Brunette woman portraying dizziness from a tooth infectionI started feeling dizzy last weekend and wonder if it has anything to do with my toothache. I had the dentist look at my tooth about a month ago. She examined my tooth and took an x-ray. She said I need a root canal, but I haven’t scheduled an appointment yet. Do you think the dizziness has anything to do with my toothache, or could it be TMJ? Thank you. Tania from Lansing, MI

Tania– If your dentist recommended a root canal treatment after completing an exam and taking an x-ray, it is because your tooth is infected.

Can a Toothache Make You Feel Dizzy?

An untreated toothache can make you feel dizzy eventually. Dizziness results if the condition reaches the nerves in your ear, causing imbalance. A Healthline article on the symptoms of a spreading tooth infection lists dizziness as a signal that the disease is worsening.

Other signs and symptoms of a progressive tooth infection include:

  • Headache
  • Fatigue
  • Chills
  • Sweating
  • Fever
  • Facial swelling
  • Swollen gums
  • Difficulty swallowing or breathing

The infection will continue to spread until a dentist treats it.

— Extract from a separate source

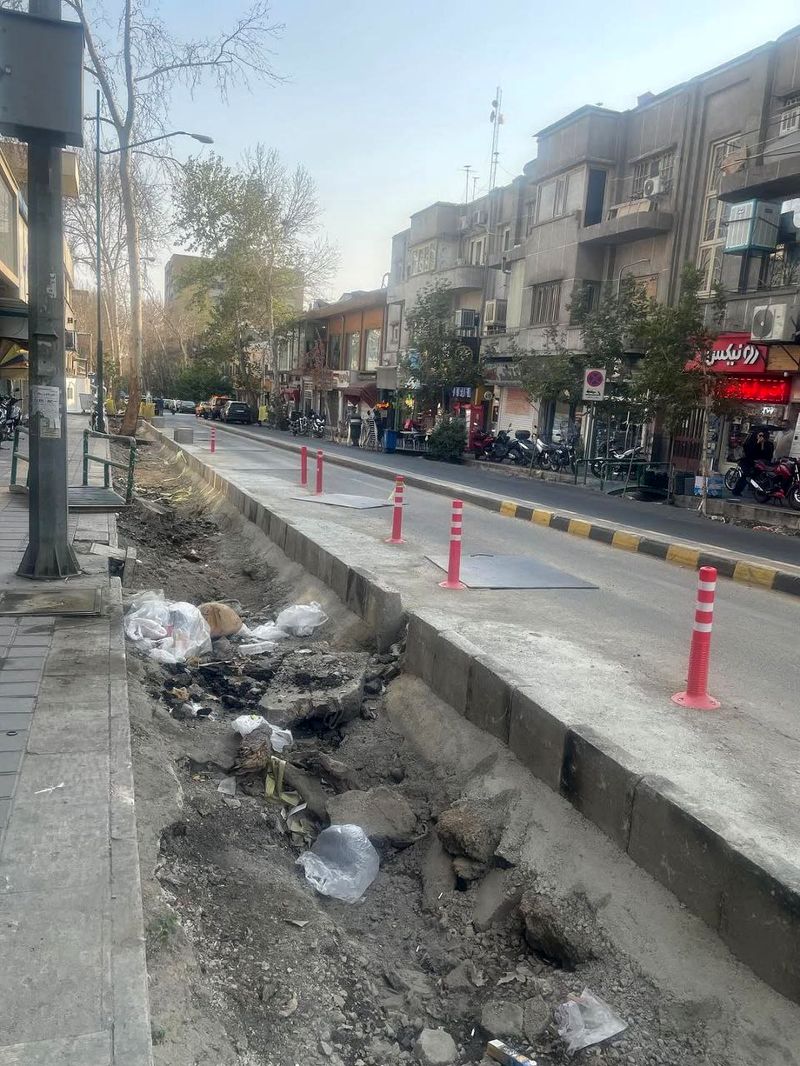 درخت قطع شده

You can prevent other health issues by seeing a dentist right away.

Is Your Dizziness TMJ?

Dizziness is a symptom of temporomandibular joint (TMJ) disorder. According to the TMJ Association, jaw-joint disorders can cause ear pain, ringing, and dizziness. Still, if your dentist examined your tooth and took an x-ray, please do not assume that your dizziness is TMJ-related. Follow-up with your dentist for root canal treatment.

What Can You Expect with Root Canal Treatment?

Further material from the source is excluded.